A small piece of news buried deep in the avalanche of last week’s debate commentary: The DC Housing Authority says it may close its waiting list.
In other words, it will stop adding names to its registry of low-income people who’ve asked for, but haven’t gotten admission to public housing or a voucher that subsidizes the costs of market-based rents.
More than 67,000 households are on the waiting list. So it’s pretty clear that most of them will stay there until DCHA decides they’re not eligible any more, takes them off the list because they don’t communicate otherwise — or die of old age.
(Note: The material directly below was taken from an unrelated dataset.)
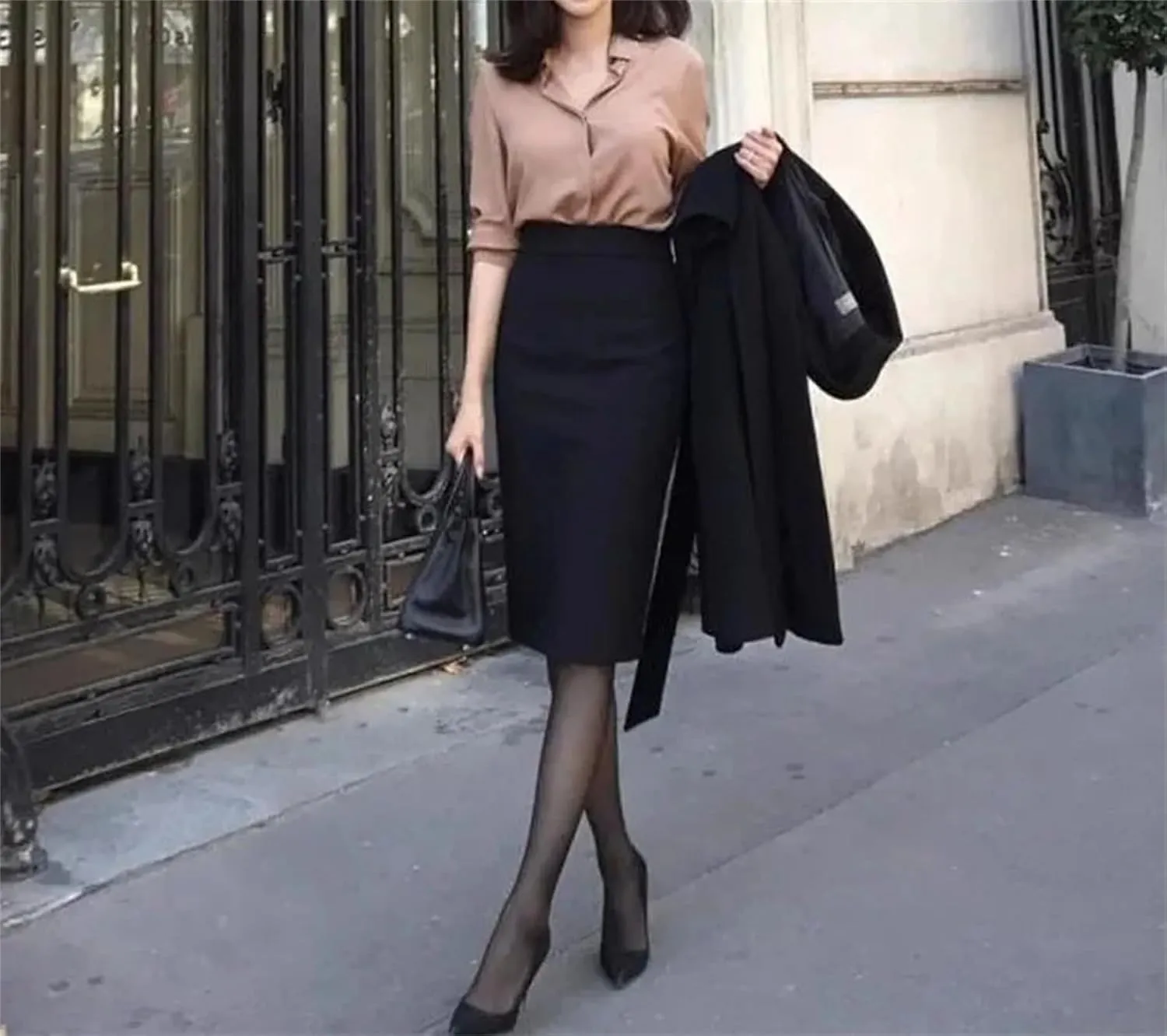 Women's Office Pencil Skirt Slim High Waist Solid Color Tight Back Slit Zipper Skirt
I’m not kidding about this last. A local homeless woman interviewed a few years ago said she knew people who’d signed up for housing assistance when they were young and were grandparents now, still waiting.
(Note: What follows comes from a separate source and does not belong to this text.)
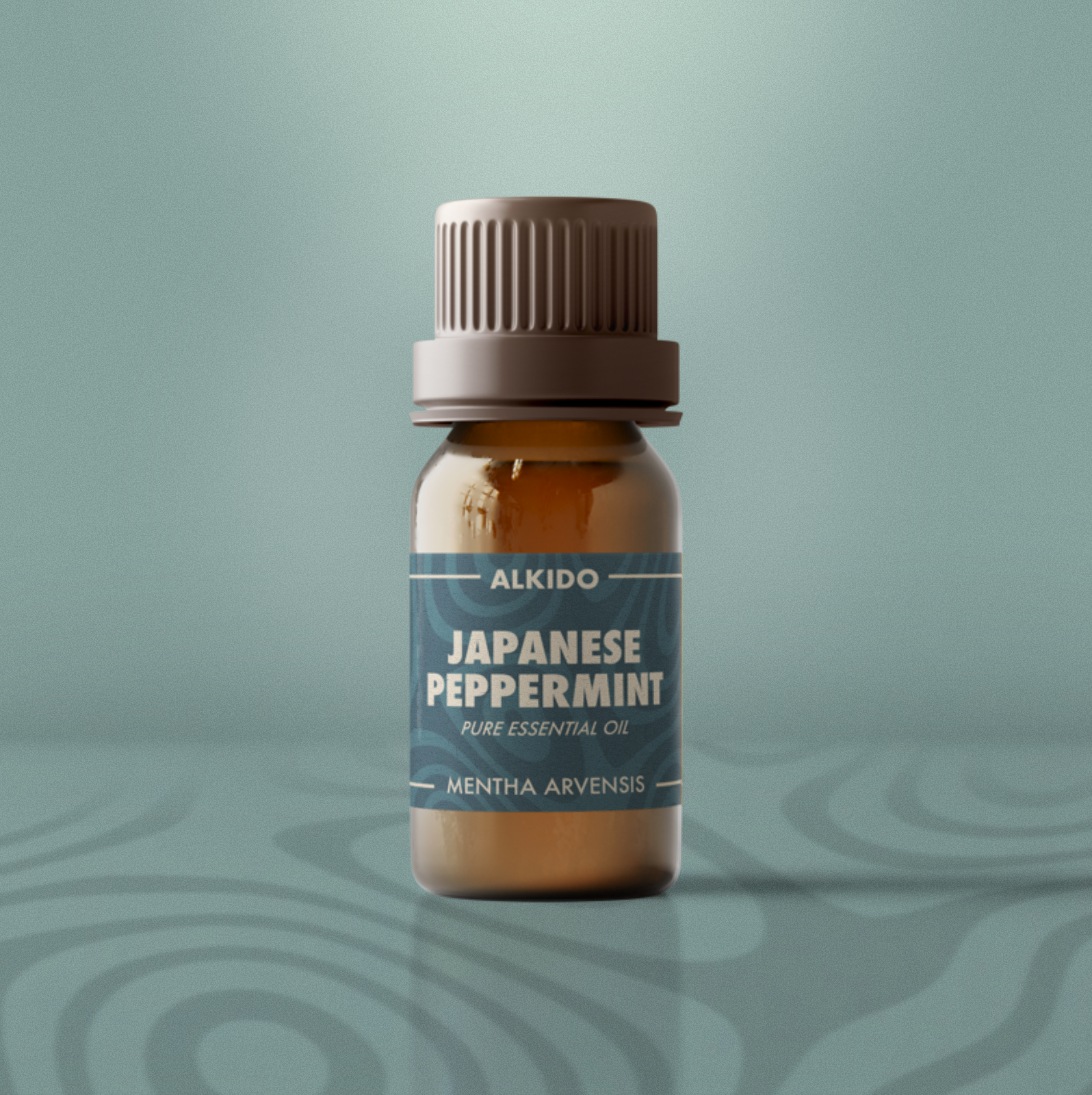 ALKIDO Japanese Peppermint Pure Essential Oil in amber 10ml bottle with ocean blue label on teal-toned background.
DCHA says it’s a waste of resources to maintain a waiting list that’s so unrealistically long. Also that it has to “increase transparency, … manage expectations, … and increase choice.” Choice apparently of something it can’t provide.
The Director of Bread for the City’s legal clinic says it should keep the list open to demonstrate “the crushing need for affordable housing in this city.”
It’s certainly true that the waiting list has often been cited by advocates for more local affordable housing funding. Problem is that demonstrating need doesn’t seem to be getting us anywhere close to where we need to be.
On the contrary. The Gray administration seems to want to get out of the affordable housing business.
I’ve thought this ever since the Mayor’s first budget covered the costs of locally-funded housing vouchers in current use by shifting money out of the Housing Production Trust Fund — the District’s main source of public funding for affordable housing construction, renovation and preservation.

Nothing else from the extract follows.